We say use some of it to put into programs like the 5% Campaign, a grassroots effort to get pay raises for the dependable people who work so closely and personally with the elderly and disabled. If anyone deserves a pay hike, it’s them.
Having a surplus this large also means the governor and Legislature should strongly consider repealing the warehousing tax, and the business and farm equipment repair taxes. It’s easy to say, but will it happen during the 2014 session? Republicans and Democrats are sure to bump heads about that next year. That’s OK, as long as the end result is tax reform. Don’t be surprised if Gov. Mark Dayton and the Democrats pull some taxes off the table in 2014; it is, after all, an election year.

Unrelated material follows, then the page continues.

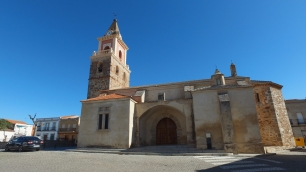 La iglesia parroquial de La Purísima Concepción sitúa la historia en el núcleo de Valle de la Serena, cuya identidad también quedó marcada por las Minas de San Nicolás.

Things are looking better on the job front as well, as Minnesota has added more than 13,000 jobs since August and more than 122,000 since 2011. It’s not a given that eliminating some taxes on businesses would add to those numbers, but it sure would be a step in the right direction to keeping the businesses we do have here, where they belong.

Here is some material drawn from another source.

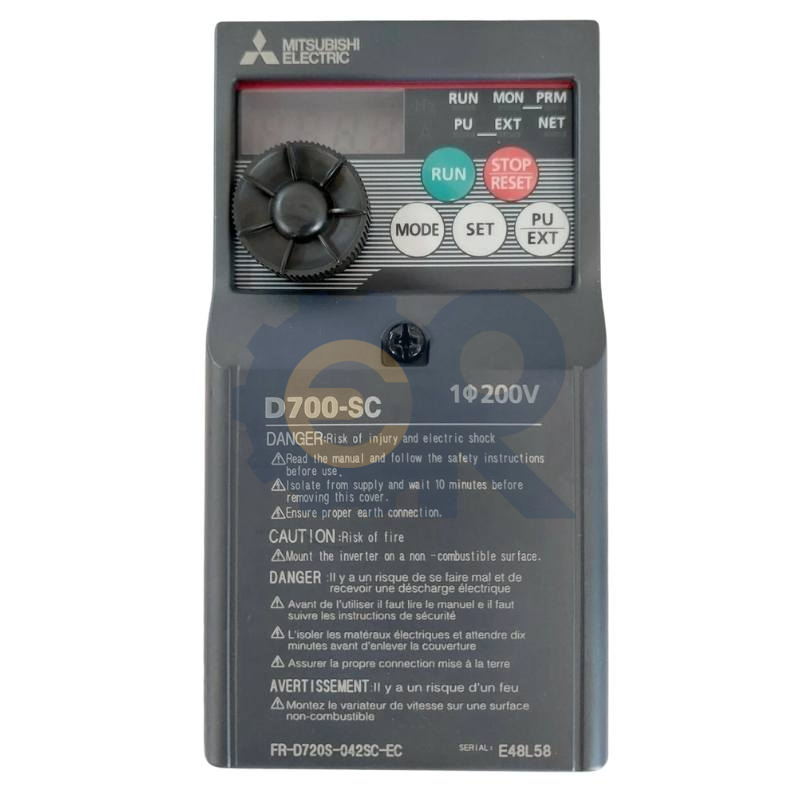 FR D720S 042SC EC Onduleur de fréquence AC Mitsubishi, 1x 200 240V, 4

Higher costs on businesses could potentially result in a drag on economic growth and development, and we don’t want to take a step back in that area.
The Minnesota Chamber of Commerce is calling for Dayton and the Legislature to commit now to repealing new taxes early in the 2014 session, and we agree. Repealing taxes would tie in nicely with Dayton’s “Un-session” agenda for 2014.
Legislators have a problem, but it’s a good one to have. If they can come together they are in a position to really allow the state to turn the fiscal corner in 2014 while spreading some money to underfunded areas.
It can do both. It’s their job.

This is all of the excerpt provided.